***** Provided data
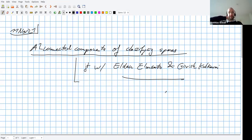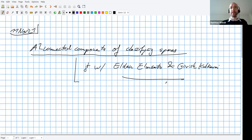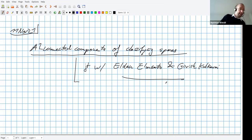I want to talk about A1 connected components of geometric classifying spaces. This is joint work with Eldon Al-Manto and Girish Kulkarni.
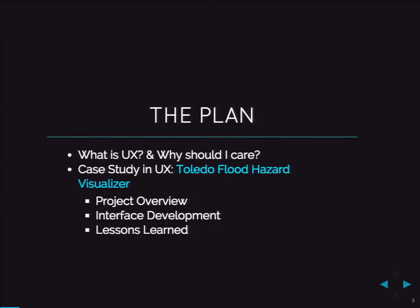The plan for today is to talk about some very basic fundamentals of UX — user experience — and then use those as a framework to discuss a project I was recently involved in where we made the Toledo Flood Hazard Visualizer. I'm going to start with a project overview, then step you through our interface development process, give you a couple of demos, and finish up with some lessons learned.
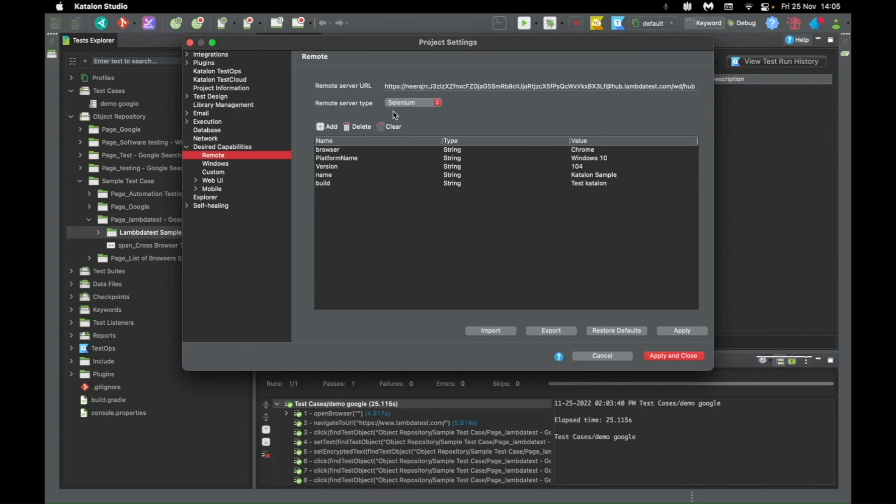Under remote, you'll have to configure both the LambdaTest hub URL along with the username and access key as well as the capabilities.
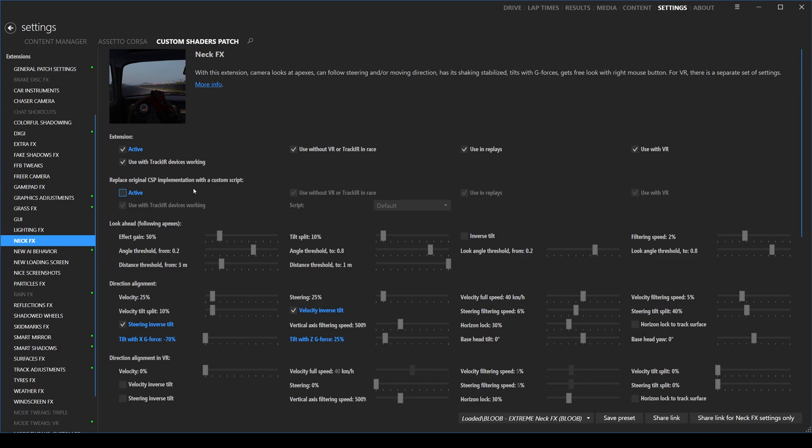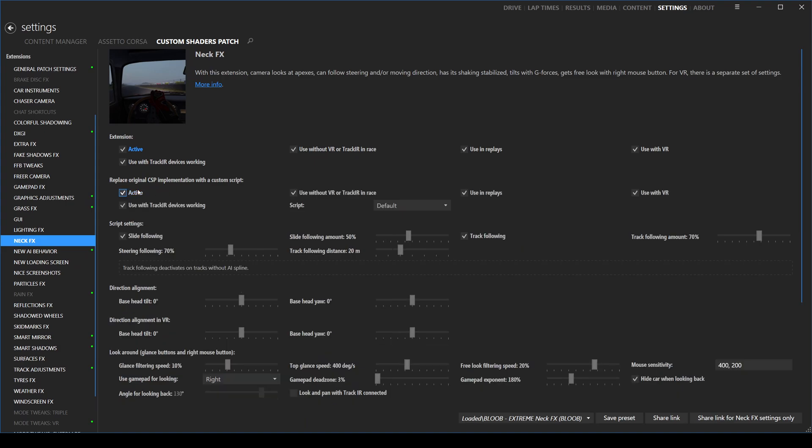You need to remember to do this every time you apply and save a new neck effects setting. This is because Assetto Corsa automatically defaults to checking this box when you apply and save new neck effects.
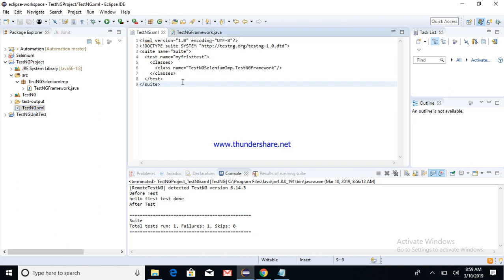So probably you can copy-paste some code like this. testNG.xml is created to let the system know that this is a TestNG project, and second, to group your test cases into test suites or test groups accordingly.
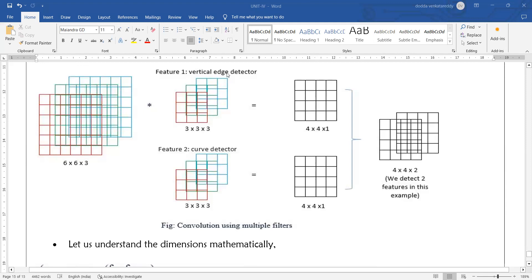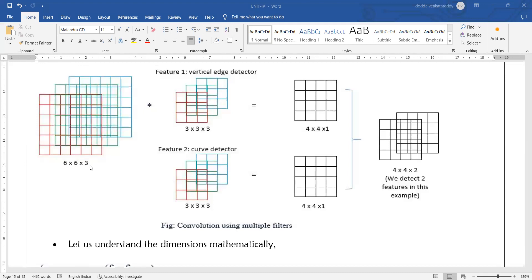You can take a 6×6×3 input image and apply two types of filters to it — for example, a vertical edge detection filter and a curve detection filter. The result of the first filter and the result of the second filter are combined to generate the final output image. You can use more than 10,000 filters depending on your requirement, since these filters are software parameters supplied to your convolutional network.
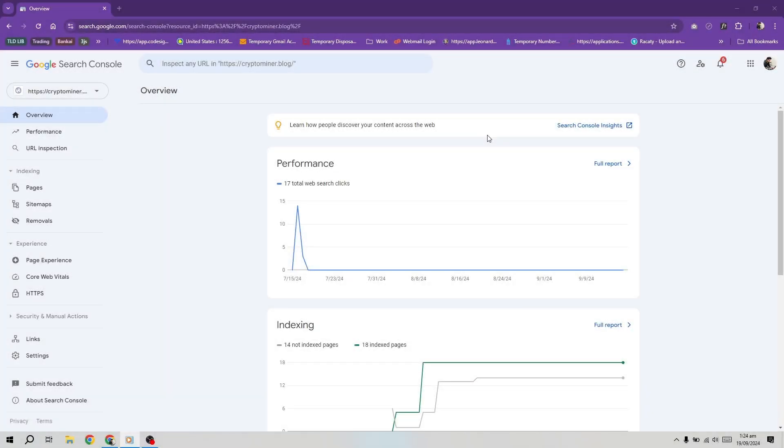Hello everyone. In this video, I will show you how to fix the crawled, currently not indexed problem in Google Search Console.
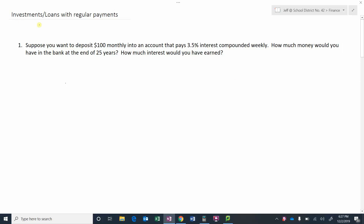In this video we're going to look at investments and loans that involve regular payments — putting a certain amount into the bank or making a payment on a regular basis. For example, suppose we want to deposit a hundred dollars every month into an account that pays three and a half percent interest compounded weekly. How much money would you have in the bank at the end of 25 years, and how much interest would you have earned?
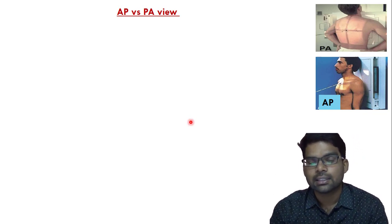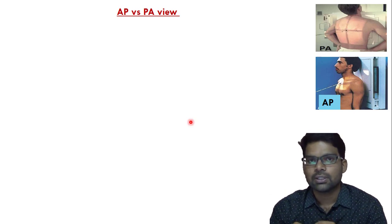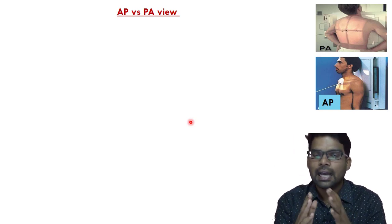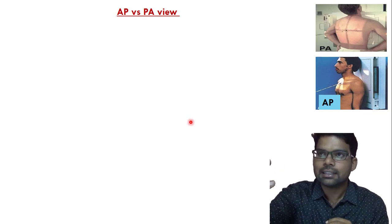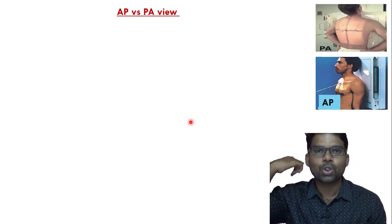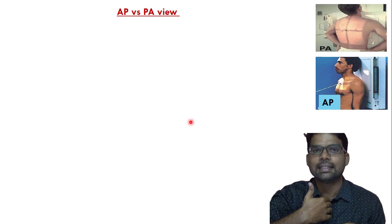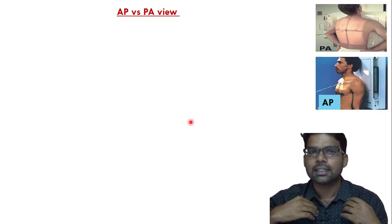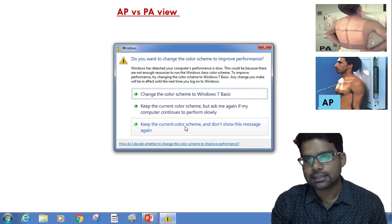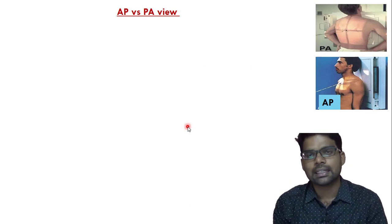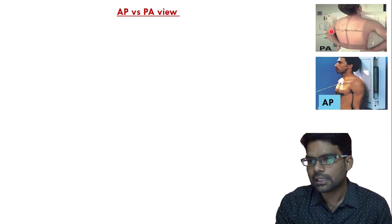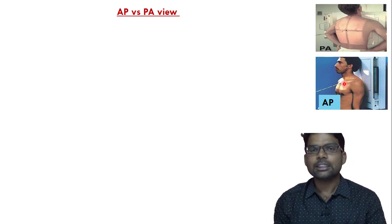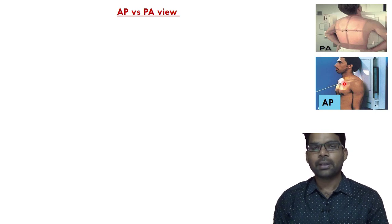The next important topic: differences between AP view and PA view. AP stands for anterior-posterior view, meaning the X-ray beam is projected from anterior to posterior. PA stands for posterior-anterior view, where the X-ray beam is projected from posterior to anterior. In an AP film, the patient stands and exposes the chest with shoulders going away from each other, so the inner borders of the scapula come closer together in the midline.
**********
Extract, word for word, each line from the top of the data down to and including the line with "Under remote, you'll"; skip the pictures.

I want to talk about A1 connected components of geometric classifying spaces. This is joint work with Eldon Al-Manto and Girish Kulkarni.
The plan for today is to talk about some very basic fundamentals of UX — user experience — and then use those as a framework to discuss a project I was recently involved in where we made the Toledo Flood Hazard Visualizer. I'm going to start with a project overview, then step you through our interface development process, give you a couple of demos, and finish up with some lessons learned.
Under remote, you'll have to configure both the LambdaTest hub URL along with the username and access key as well as the capabilities.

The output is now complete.